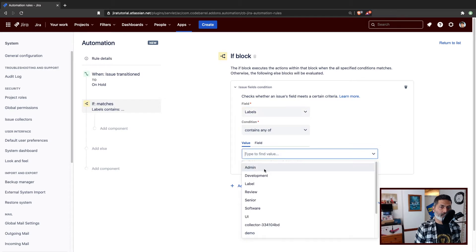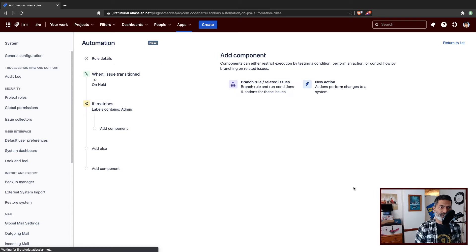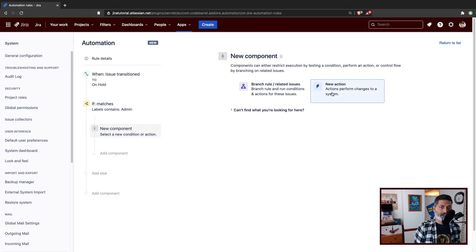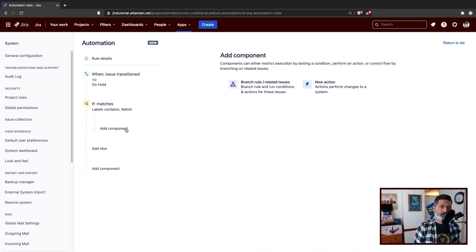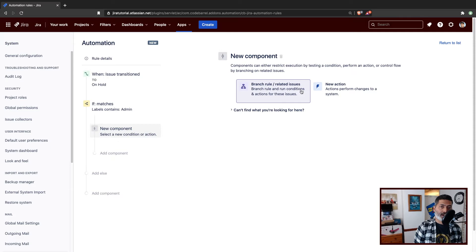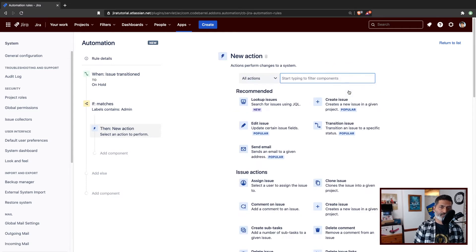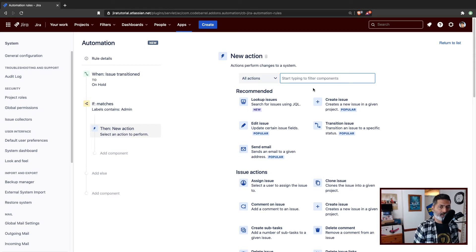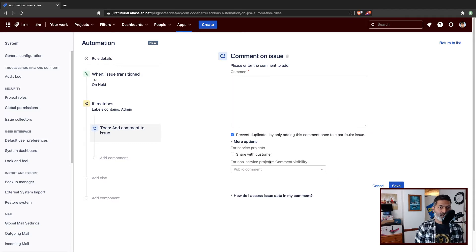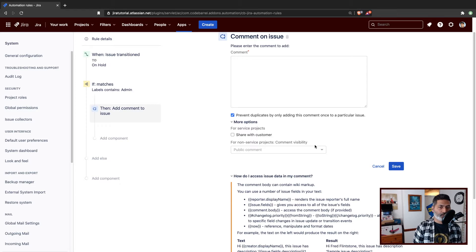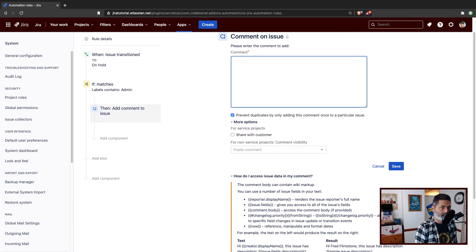And if my label contains, let us say, admin, then we'll do something. That action can be defined in the add component, which is now within the if block. The good thing is you can also create a branch too, but for now let us keep it simple. If the label is admin and we move the issue to on hold, we want to add a comment. So let us do something simple — for adding a comment, we can use a simple comment here, like "label is admin".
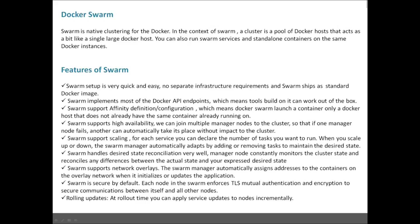Swarm supports affinity definitions and configurations, which means Docker Swarm will launch a container only on a Docker host that does not already have the same container or application running on it. For example, in a two-node cluster with two application containers, if both containers run on a single host and that host fails, there will be an outage. With affinity rules, one container runs on each host, so if one system fails, the other remains running — impact is reduced.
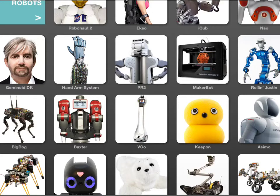The first app is the Robot app, and it's done by IEEE Spectrum. It has everything you could ever want to know about robots — videos, information to read, other links you can follow, and just everything you've ever wanted to know about robots is in this app.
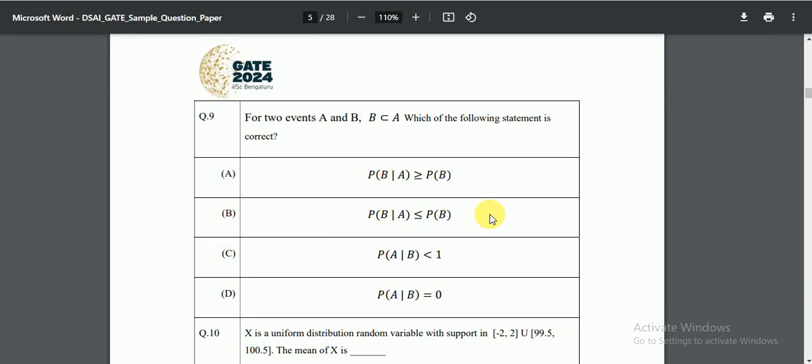Let's look at question number 9 from the sample paper given by the GATE authority. In question 9, for two events A and B where B is a subset of A, we need to find which of the following options is correct. Options A and B involve a comparison between conditional probability and ordinary probability, while options C and D cannot be the answer. So we will look into options A and B in more detail.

• What you are asked to do: Word for word, reproduce the material above and omit each image.

• Response area:
And if my label contains, let us say, admin, then we'll do something. That action can be defined in the add component, which is now within the if block. The good thing is you can also create a branch too, but for now let us keep it simple. If the label is admin and we move the issue to on hold, we want to add a comment. So let us do something simple — for adding a comment, we can use a simple comment here, like "label is admin".
Swarm supports affinity definitions and configurations, which means Docker Swarm will launch a container only on a Docker host that does not already have the same container or application running on it. For example, in a two-node cluster with two application containers, if both containers run on a single host and that host fails, there will be an outage. With affinity rules, one container runs on each host, so if one system fails, the other remains running — impact is reduced.
The first app is the Robot app, and it's done by IEEE Spectrum. It has everything you could ever want to know about robots — videos, information to read, other links you can follow, and just everything you've ever wanted to know about robots is in this app.
Let's look at question number 9 from the sample paper given by the GATE authority. In question 9, for two events A and B where B is a subset of A, we need to find which of the following options is correct. Options A and B involve a comparison between conditional probability and ordinary probability, while options C and D cannot be the answer. So we will look into options A and B in more detail.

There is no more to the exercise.